一番目の圏は、大きな〈小さいとは限らない〉集合の圏 $`{\bf SET}`$ 内に配備〈deploy〉されます。これは、構成素 $`|\dcat{D}_0|_0, |\dcat{D}_0|_1`$ が $`{\bf SET}`$ の対象(大きな集合)として実現され、構成素 $`\mrm{dom}, \mrm{cod}, \mrm{id}, \mrm{comp}`$ が $`{\bf SET}`$ の射(写像)として実現されることです。ニ番目の圏も同様に、$`{\bf SET}`$ 内に配備・実現されます。

三番目の圏は事情が違います。大きな〈小さいとは限らない〉圏の2-圏 $`{\bf CAT}`$ 内に配備されます。構成素 $`\dcat{D}_0, \dcat{D}_1`$ は $`{\bf CAT}`$ の対象(大きな圏)として実現され、構成素 $`\mrm{src}, \mrm{trg}, \mrm{unit}, \mrm{prod}`$ は $`{\bf CAT}`$ の1-射(関手)として実現されます。

$`\dcat{D}_0`$ の圏構造は0階の圏構造、$`\dcat{D}_1`$ の圏構造は1階の圏構造と言えばいいでしょう。

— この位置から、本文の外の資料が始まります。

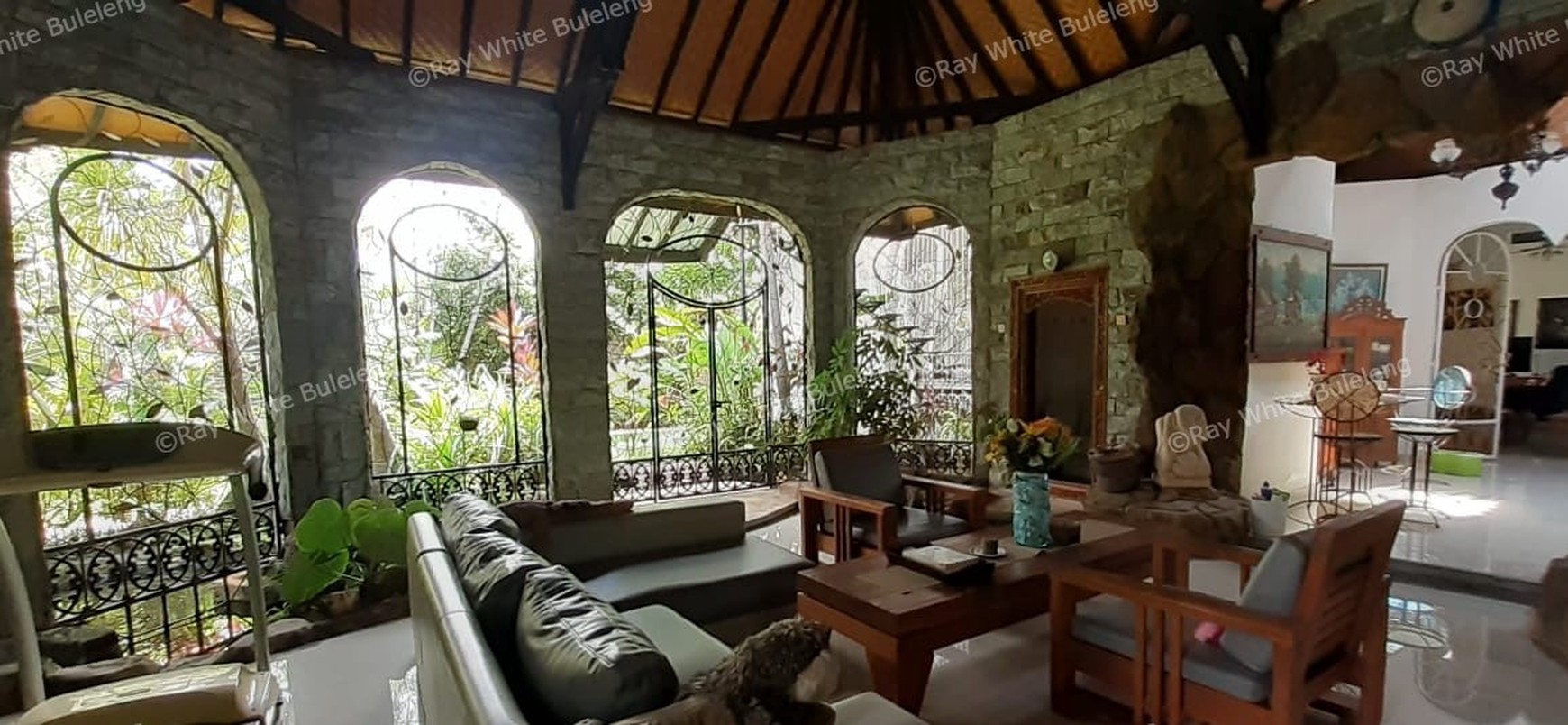 Beautiful villa close to the beach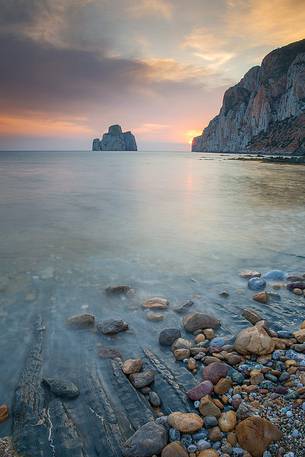Pan di Zucchero a Masua is one of the most famous seascapes for the presence of a massive cliff just off the coast,
The colors of the rocks complete a magical framework full of mystical atmosphere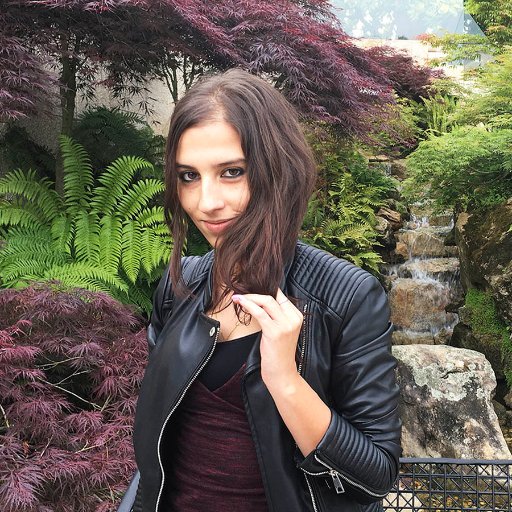 bearodriguezlou's profile picture. Enamorada de la Publicidad que nos hace soñar...

Publicista, Relaciones Públicas, Community Manager, Diseño Gráfico, Webs, Blogs...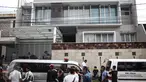 Mobil jenazah terparkir di lokasi perampokan sadis yang terjadi di Jalan Pulomas Utara, Kayuputih, Pulogadung, Jakarta Timur, Selasa (27/12). Enam penghuni rumah berlantai 2 itu tewas dan lima lainnya dilarikan ke rumah sakit. (Liputan6.com/Faizal Fanani)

しかし、三番目の圏構造は $`\dcat{D}_2`$ の圏構造ではありません。関手達 $`\mrm{dom}, \mrm{cod}, \mrm{id}, \mrm{comp}`$ は、圏達 $`\dcat{D}_0, \dcat{D}_1, \dcat{D}_2`$ の外側にあるのです。その意味で、三番目の圏構造の構成素には形容詞「外部」を付けます。例えば $`\mrm{prod}`$ は外部結合〈{external | outer} composition〉です。

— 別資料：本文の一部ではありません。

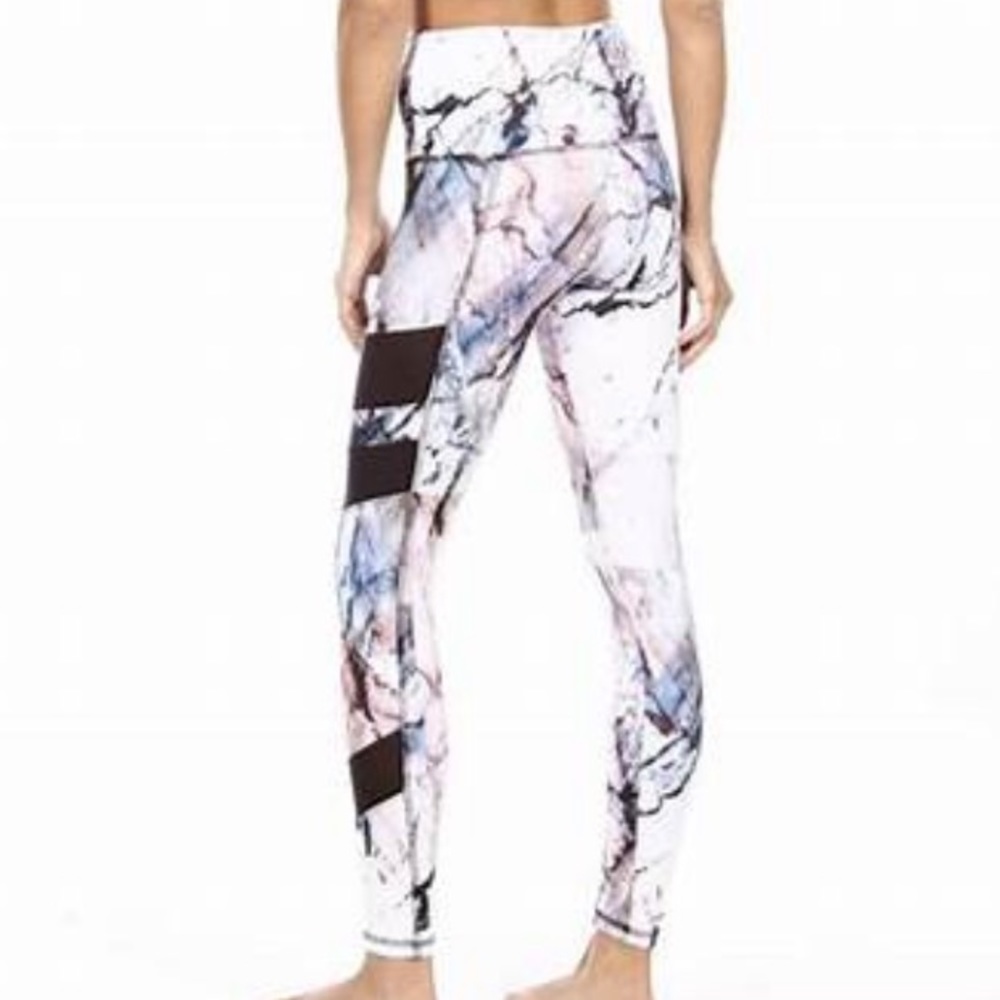 STRUT THIS galaxy legging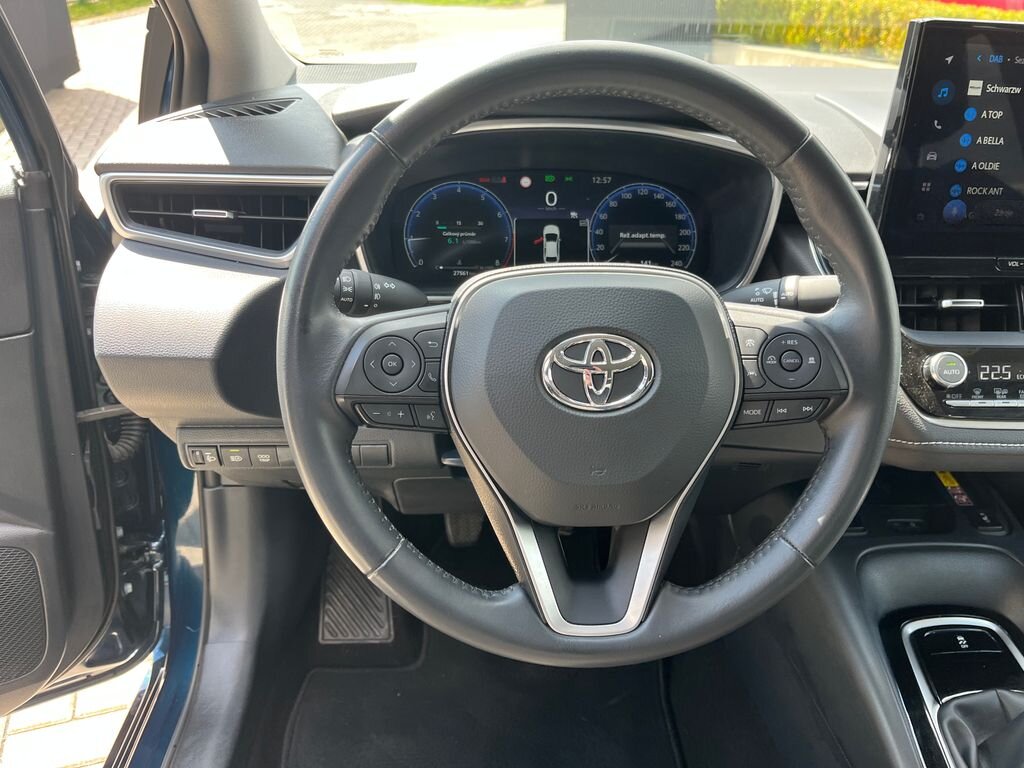 Toyota Corolla Sedan / Limuzína 1,5 l 92 kw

ややこしいことには、二重圏が $`{\bf CAT}`$ 内の内部圏〈internal category〉と呼ばれます。$`\mrm{prod}`$ は、内部圏の構成素である外部結合ということになります。もし、プロ射が横射だと約束すれば、外部結合はプロ射の横結合〈horizontal composition〉、二重射〈2-射 | 2-セル〉の横結合です。

図式順と反図式順

プロ射を横射にするか縦射にするかは単に約束の問題です。横射と呼んだ射を横方向に図示するかどうかは、それとは一応別な問題です。横射は横方向に描きたいでしょうが、ペースティング図とストリング図では方向が90度変わってしまいます。横射を、ペースティング図では横方向アロー、ストリング図でも横向きワイヤーにしたいなら、どちらかを90度回転する必要があります。

さらにまた別な問題として、テキストで書いたとき、結合の向きを図に合わせるか反対にするか? があります。アーカー/マクダルメットの次の論文の図を引用しながら説明します。

  • [AM23]
  • Title: The formal theory of relative monads
  • Authors: Nathanael Arkor, Dylan McDermott
  • Submitted: 27 Feb 2023 (v1), 17 May 2023 (v2)
  • Pages: 85p
  • URL: https://arxiv.org/abs/2302.14014

アーカー/マクダルメットは、二重圏の一般化である仮想二重圏〈virtual double category〉を扱っています。仮想二重圏では、二重射への“入力側”のプロ射が1つではなくて複数あってもかまいません。次の図が仮想二重射(仮想二重圏の2-射)のペースティング図です。プロ射が横射で、タイト射が縦射です。入力側(上側)のプロ射は複数あります。

この図の奇妙な点に気付きましたか? 横向きの矢印(プロ射)が左から右なのに、プロ射への番号付けが右から左に向かって $`p_1, p_2, \cdots, p_n`$ となっています。なぜかと言うと、横結合〈外部結合〉を反図式順結合記号 $`\odot`$ で書くからです。反図式順結合記号では、図とテキストの向きが反転します。つまり、図で左から右なら、テキストでは右から左に書くことになります。上の図の横射〈プロ射〉を全部結合するなら、次のようです。

$`\quad p_1\odot p_2 \odot \cdots \odot p_n`$

図式順結合記号を $`*`$ とするなら、同じことを次のように書くことになります。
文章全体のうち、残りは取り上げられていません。